EXERCISE BRIEF: The whole listing, pictures aside, should be reproduced exactly.

INFORMATION SUPPLIED:
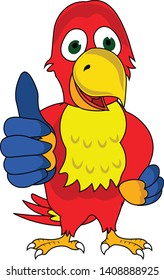 artwork of a funny parrot showing a big thumbs up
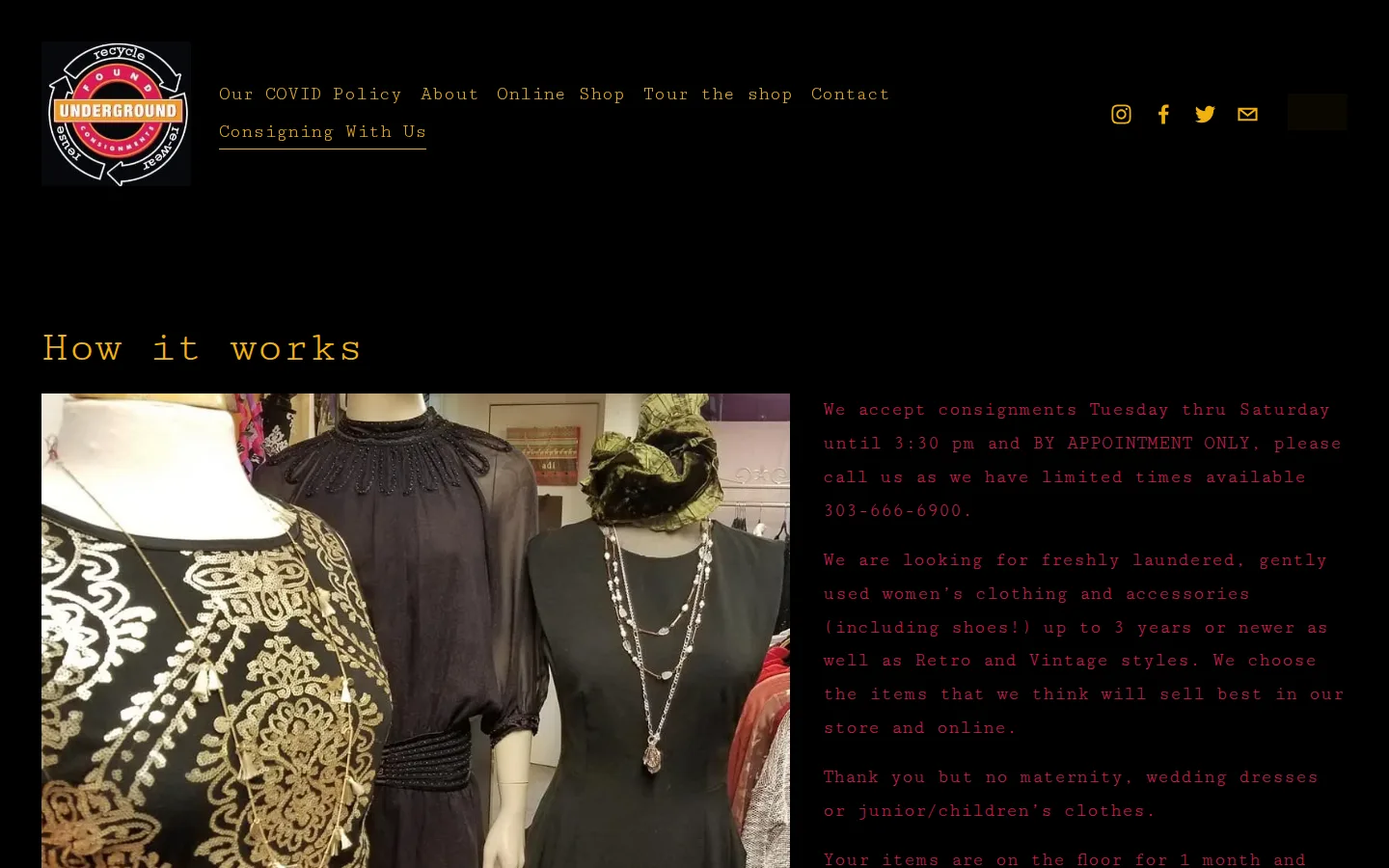 Captured website of Found Underground Consignment
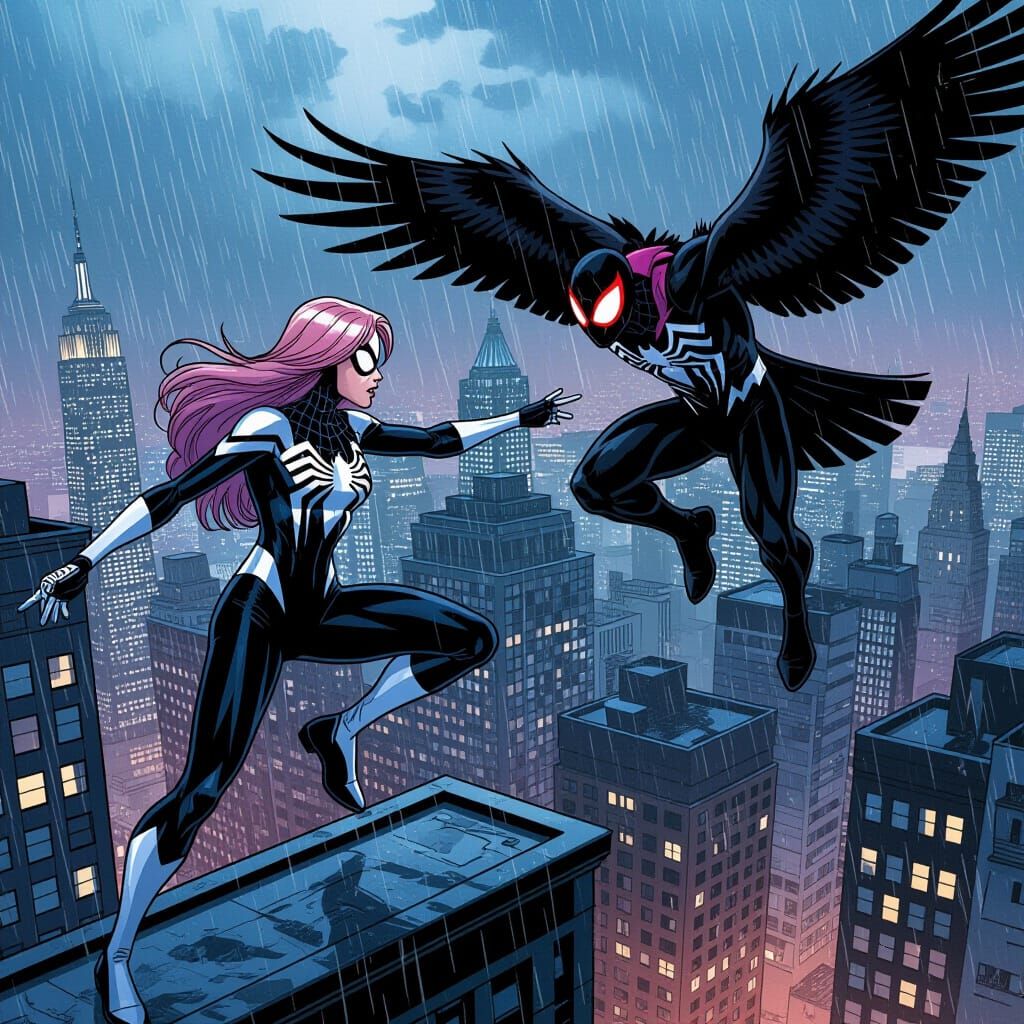 Ghost-Spider Battles Vulture on Rainy NYC Skyscraper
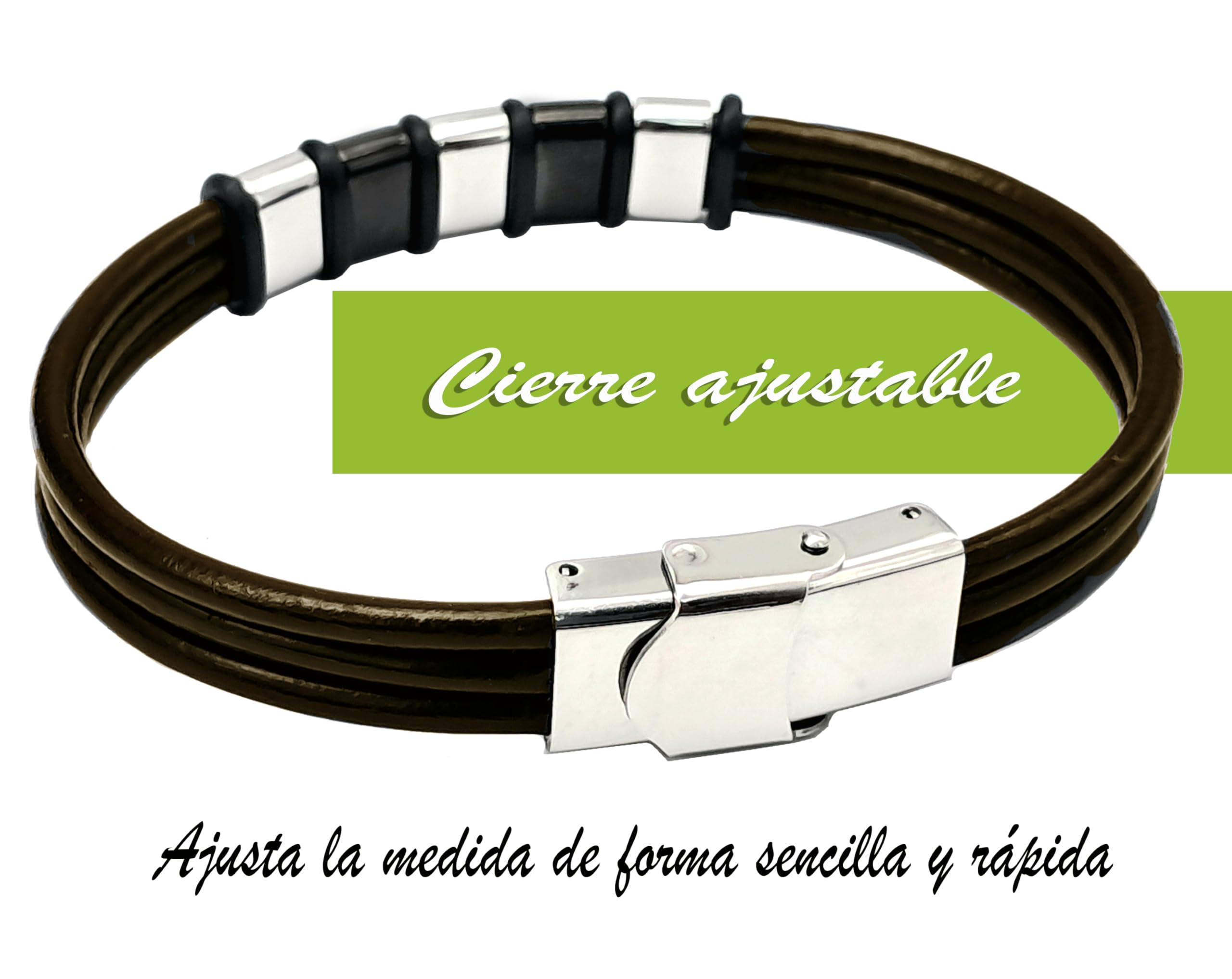 Ekonat- Pulsera hombre personalizada - Pulsera cuero hombre Personalizadas- Pulsera hombre acero inoxidable personalizada ajustable. CUERO DURADERO DE CALIDAD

TASK RESULT:
 artwork of a funny parrot showing a big thumbs up
 Captured website of Found Underground Consignment
 Ghost-Spider Battles Vulture on Rainy NYC Skyscraper
 Ekonat- Pulsera hombre personalizada - Pulsera cuero hombre Personalizadas- Pulsera hombre acero inoxidable personalizada ajustable. CUERO DURADERO DE CALIDAD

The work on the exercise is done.